On this day our first thoughts go to the
architect of this freedom, the Father of our Nation [Gandhi], who,
embodying the old spirit of India, held aloft the torch of freedom and
lighted up the darkness that surrounded us. We have often been unworthy
followers of his and have strayed from his message, but not only we but
succeeding generations will remember this message and bear the imprint
in their hearts of this great son of India, magnificent in his faith
and strength and courage and humility. We shall never allow that torch
of freedom to be blown out, however high the wind or stormy the tempest.
Our
next thoughts must be of the unknown volunteers and soldiers of freedom
who, without praise or reward, have served India even unto death. We
think also of our brothers and sisters who have been cut off from us by
political boundaries and who unhappily cannot share at present in the
freedom that has come. They are of us and will remain of us whatever
may happen, and we shall be sharers in their good [or] ill fortune
alike.
The future beckons to us. Whither do we go and what shall
be our endeavour?
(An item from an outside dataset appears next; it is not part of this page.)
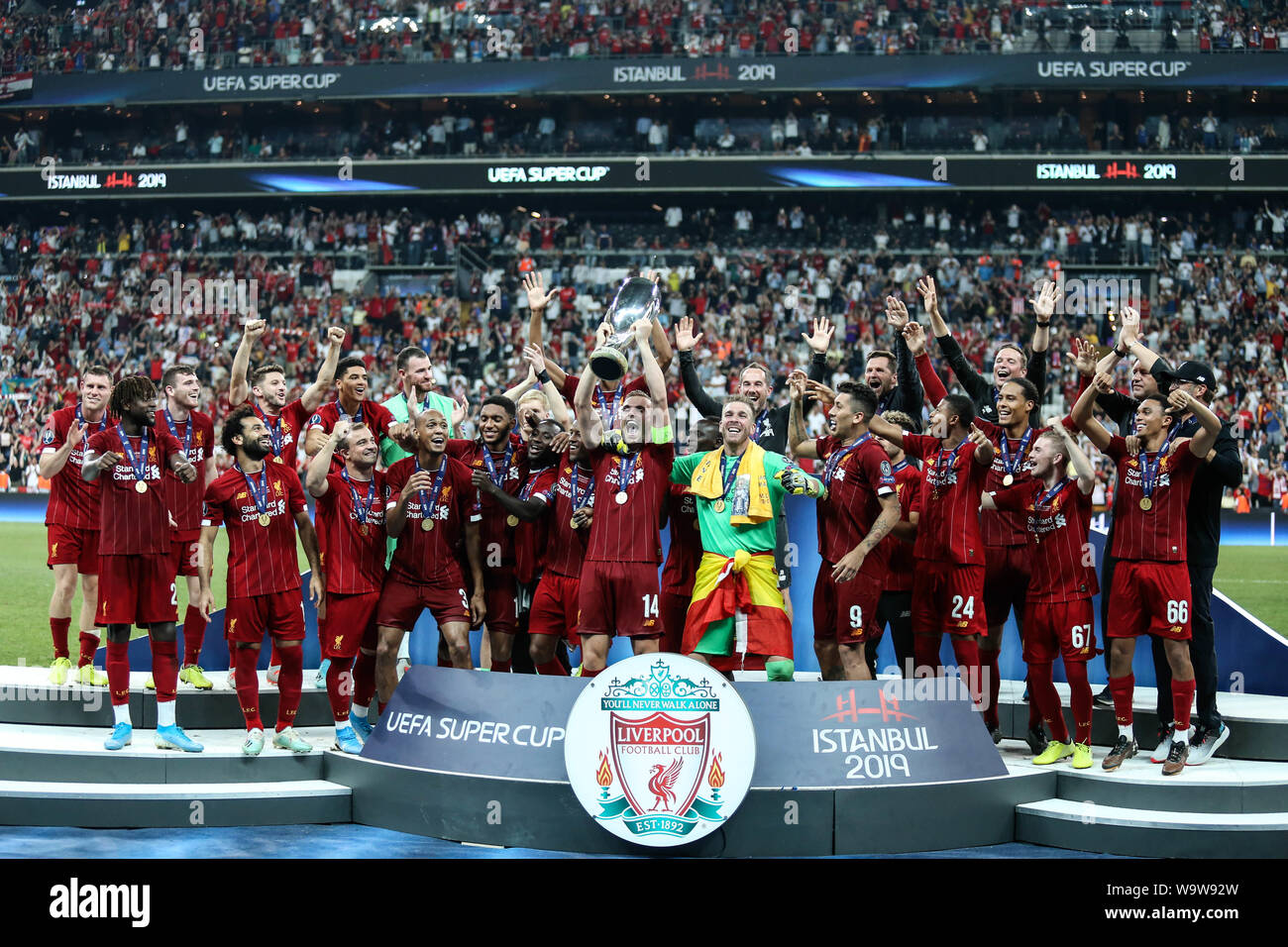 Jordan Henderson of Liverpool lifts the trophy with his team-mates at the  end of the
To bring freedom and opportunity to the common man,
to the peasants and workers of India; to fight and end poverty and
ignorance and disease; to build up a prosperous, democratic and
progressive nation, and to create social, economic and political
institutions which will ensure justice and fullness of life to every
man and woman.
We have hard work ahead. There is no resting for
any one of us till we redeem our pledge in full, till we make all the
people of India what destiny intended them to be. We are citizens of a
great country on the verge of bold advance, and we have to live up to
that high standard. All of us, to whatever religion we may belong, are
equally the children of India with equal rights, privileges and
obligations. We cannot encourage communalism or narrow-mindedness, for
no nation can be great whose people are narrow in thought or in action.
To
the nations and peoples of the world we send greetings and pledge
ourselves to cooperate with them in furthering peace, freedom and
democracy. And to India, our much-loved motherland, the ancient, the
eternal and the ever-new, we pay our reverent homage and we bind
ourselves afresh to her service. Jai Hind.